Theodore Vorburger, Ph.D. of the National Institute of Standards and Technology (Gaithersburg, MD), editor and past chair of the B46.1 document, points to the importance of nanometer-level measurement and its inclusion in B46.

"The nanometer level surface texture measurement is important because it is the measurement of very smooth surfaces and very smooth surfaces are becoming more and more technologically important," Vorburger says. "Surfaces such as optics, semiconductors, and even the surface of smooth mechanical parts are becoming more and more used. All of those parts have roughness down in the nanometer level -- say 100 nanometers or less."

Fractal analysis
Most people think in terms of Euclidean geometry, but to understand fractal analysis, it helps to take a quick lesson in fractal geometry, according to Chris Brown, manufacturing engineering program director and surface metrology lab director, at the Worchester Polytechnic Institute (Worcester, MA).

"Fractal geometry is the geometry of things that are fractured or fragmented, jagged or irregular," says Brown. "Almost all surfaces have got some of the characteristics at a sufficiently fine scale."

For instance, when a part is magnified enough in a traditional way, the shape will eventually look smooth. But according to Brown, with fractal analysis when that same part is magnified with an atomic force microscope, more irregularities are constantly observed.

Finding this irregularity can be used to reject a part, but sometimes that irregularity can be put to work. One example, Brown says, is to try and adhere a thermal spray coating to a substrate. Adhesion strength depends on the topography the material can hold onto.

"When trying to model something like adhesion on a substrate, you need to take into account the fractal nature of the substrate in order to have a good model and predict the good adhesive strength," Brown says. "Using fractal analysis we have been able to predict adhesive strength based on substrate roughness with correlation coefficients of 0.9, which means that 90% of the differences in adhesive strength can be explained by differences in substrate roughness. And that we have done using fractal analysis."

More to come
These changes are just some that can be expected in the future. The standard, according to committee members, is a dynamic and growing document that changes with the times. Project teams are already working on new topics such as functional correlation of gages and 3-D surface texture.

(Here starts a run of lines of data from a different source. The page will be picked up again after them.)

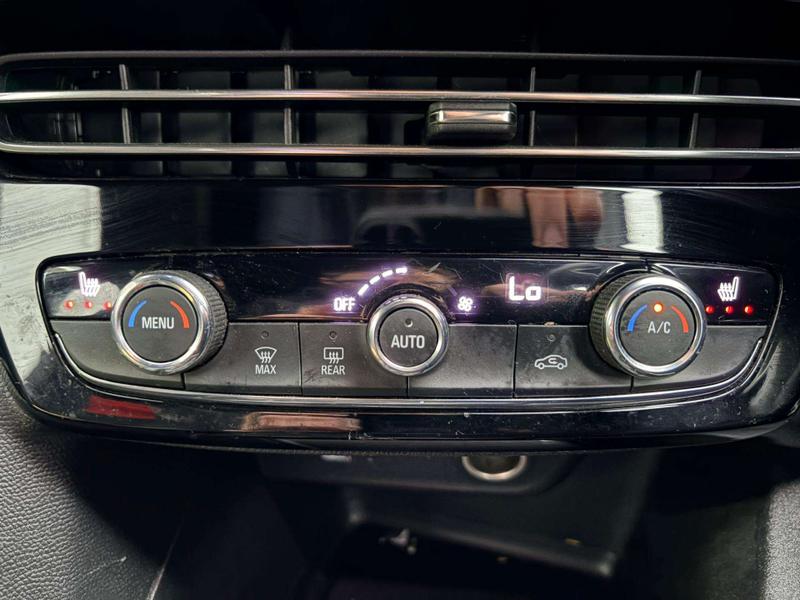 Used Vauxhall Mokka 2022 for sale - 77248664: Photo 36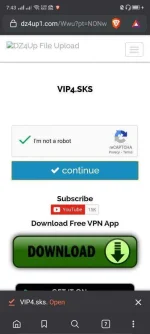 Screenshot_2020-09-23-19-43-39-96_e4424258c8b8649f6e67d283a50a2cbc.webp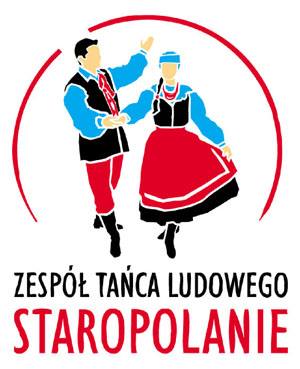 Baner promujący wydarzenie. Nazwa wydarzenia.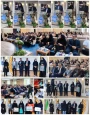 کرسی هم اندیشی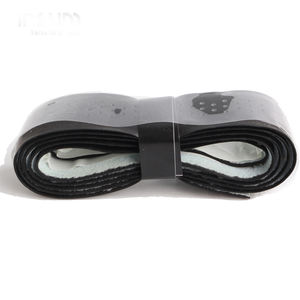 Bande de poignée de <span class=keywords><strong>raquette</strong></span> de <span class=keywords><strong>Tennis</strong></span> personnalisée de qualité supérieure, prédécoupée et au toucher sec - Product Image 2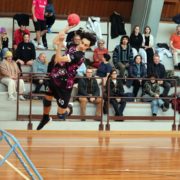 Tchoukball Gen 16 26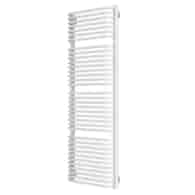 Aster 0600 1744 biały RAL 9016 połysk 1,4,5,8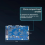 For 5 Pro RK3588S 16GB RAM Single Board Development 4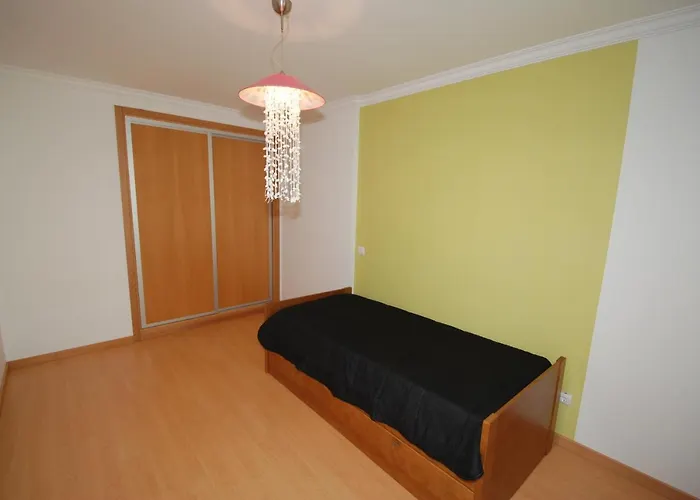 Turtle - 3 Bedroom In With 2 Shared Pools And Private Terrace * נאזרה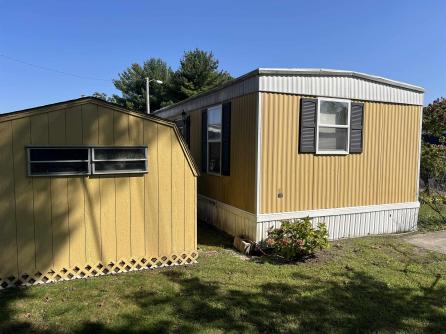 124 Amherst Dr, Egg Harbor Township, NJ, 08234 Aditional Picture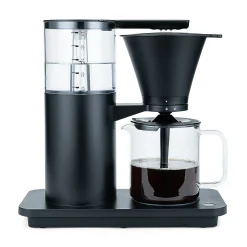 Kaffetrakter Daily 1,25l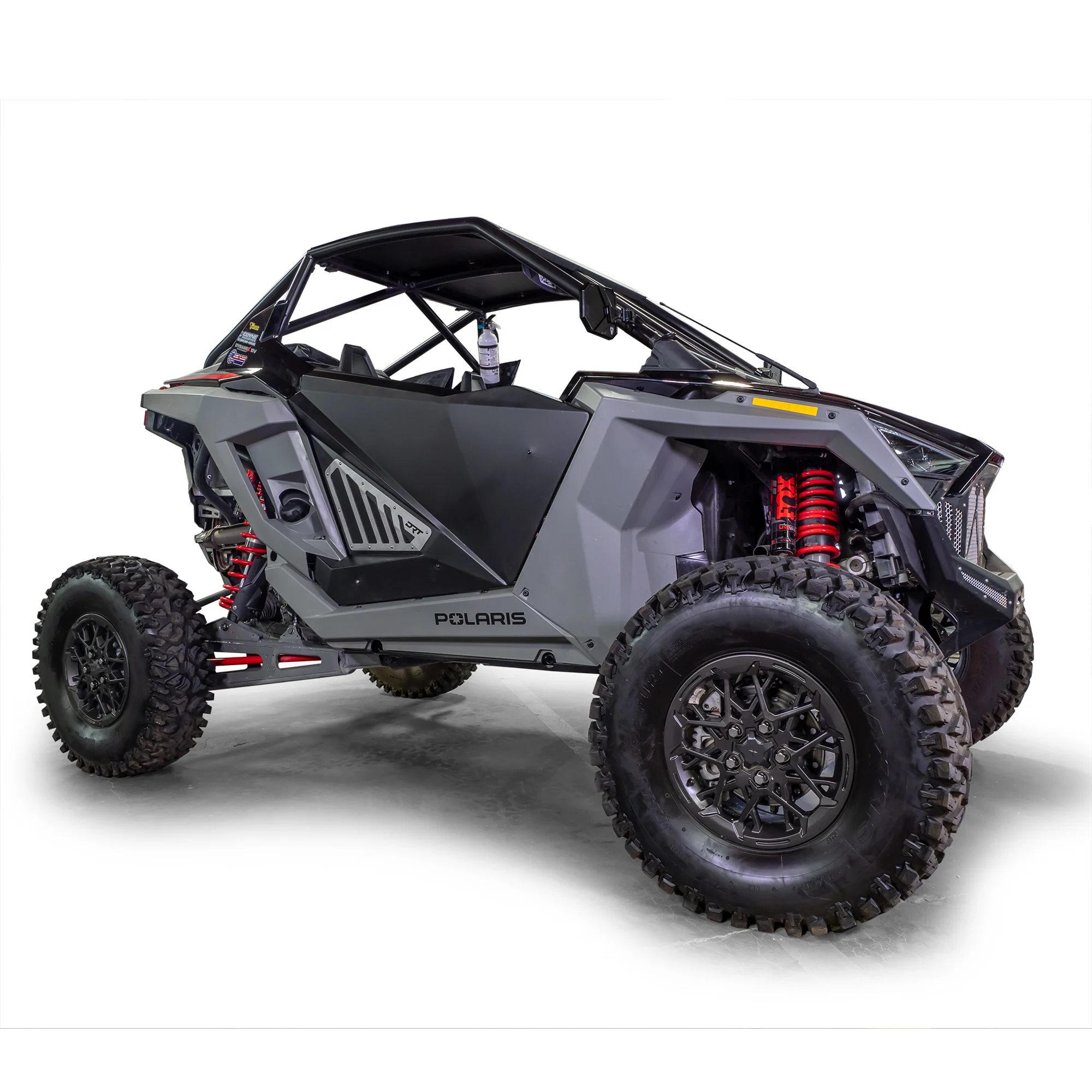 drt motorsports drt polaris rzr pro xp pro r turbo r aluminum door kit 4.jpg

One area that is somewhat in flux is the standard's relationship to the ISO surface standard. According to the experts, both standards have their positives and negatives. One advantage of the ISO standard is that it is an objective, direct standard that says, "Here's how you do this, here's how you do that." The B46 standard is more tutorial. It is meant to be a good reference book as well as a standard.

"The international standards are written as somewhat of an arbitrator," says Malburg. "Unless otherwise specified, this is what you do and it gives one method. The American B46 standard says here are many methods, some that have been used in the past, some that are new. Use the one that best fits your application. It gives a little more tutorial help, and ultimately puts the responsibility on the end user in terms of how to use it."

The ASME standard also keeps older technology on the books, so to speak. For instance, in the ISO standard, 2RC filtering is no longer described in favor of gaussian filtering. However, in the ASME standard, both types of filters are included. "We did this in order to keep this standard compatible with instruments that were in use even before the advent of personal computers," explains Vorburger.

TECH TIPS
The new surface texture revises the 1995 version and is scheduled to be published in about a year.

The standard offers requirements but is also a tutorial explaining surface texture in user-friendly terms.

The standard takes into account the new types of measurement equipment such as atomic force scale and optical equipment.

The new version includes new information on such topics as filtering, fractal analysis, nanomeasurement and optical measurement.